Фильм прослеживает судьбу нескольких семей из Советского Союза, Франции, Германии и США с середины 1930-х до начала 1980-х годов. Не всегда взаимосвязанные событий в каждой семье объединены общим стержнем — историей Европы этого периода, и выражены языком танца и вокала. Многие актёры играют несколько ролей (родителей, детей, внуков) в различном возрасте.

  • 1936 год, Москва, Большой театр. Идёт набор балерин в труппу. Одна из них — Татьяна, знакомится с Борисом Ито́вичем — солистом театра. Вскоре они играют свадьбу.
  • 1937 год, Париж, Фоли-Бержер. Во время выступления с аллюзией на номер Жозефины Бейкер умирает пожилой пианист. Конкурсный отбор проходит молодой аккомпаниатор Симон Мейер. Он влюбляется в скрипачку из оркестра Анну. Вскоре они играют свадьбу.
  • Германия. Молодой пианист Карл Кремер на приёме у Гитлера исполняет Сонату № 14 Бетховена. Рейхсканцлер благодарит музыканта. Восторженный Карл бежит домой к молодой жене Магде с криками: «У фюрера есть душа!»
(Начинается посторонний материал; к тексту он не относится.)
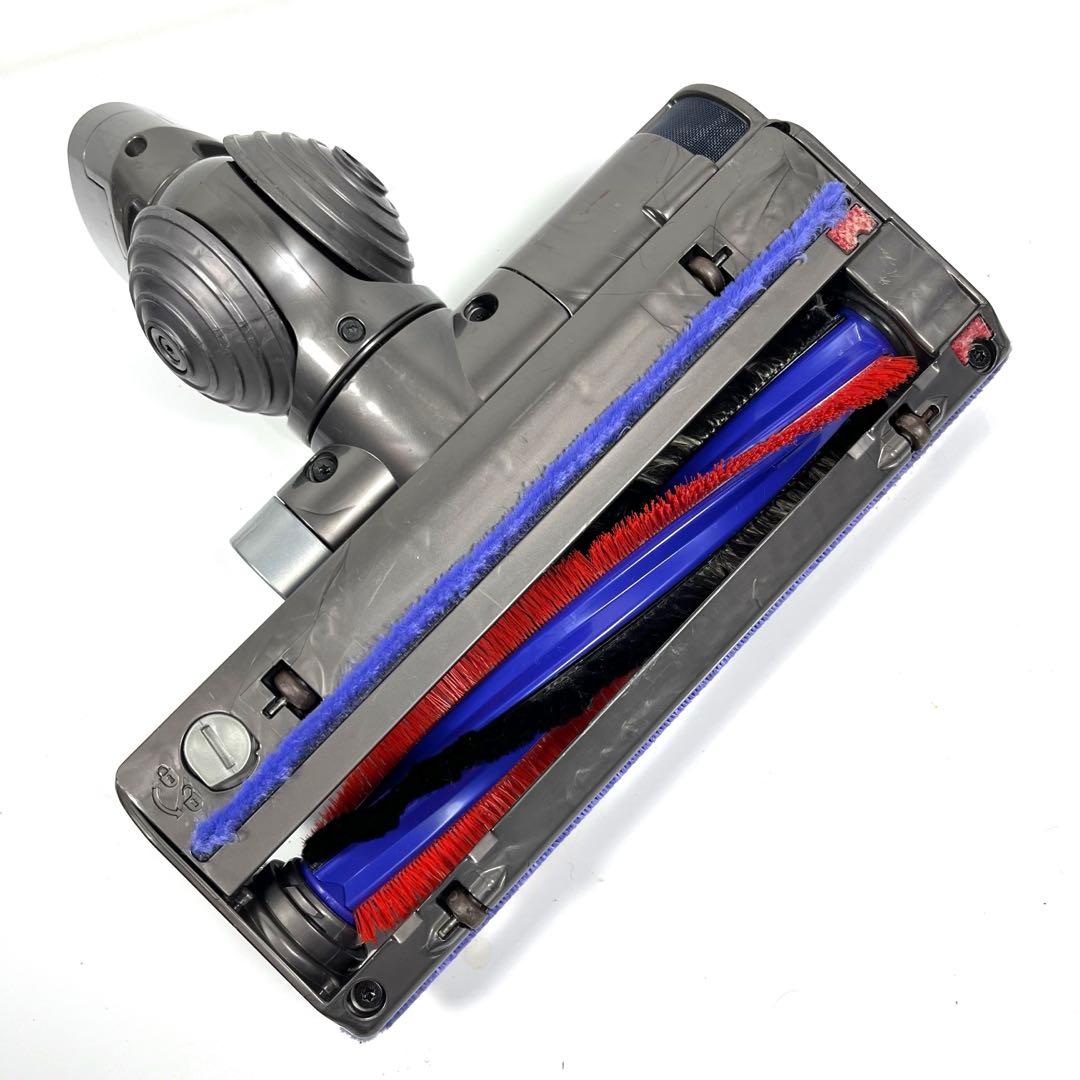 【分解洗浄】 Dyson DC48 DC63 タービンヘッド　b61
  • 1939 год, Нью-Йорк. В прямом радио эфире — джаз Джека Гленна и его оркестра. Он объявляет о том, что его жена Сюзанна недавно родила ему дочь Сару. Трансляция прерывается информацией о вторжении Германии в Польшу.
  • 1940 год. По улицам Парижа марширует немецкий военный оркестр, которым дирижирует Карл Кремер. На фоне парадного марша за кадром он читает своё письмо жене о безмятежности западного фронта и странной приветливости французов к оккупантам.
  • 1941 год, Москва. Борис Итович уходит на фронт.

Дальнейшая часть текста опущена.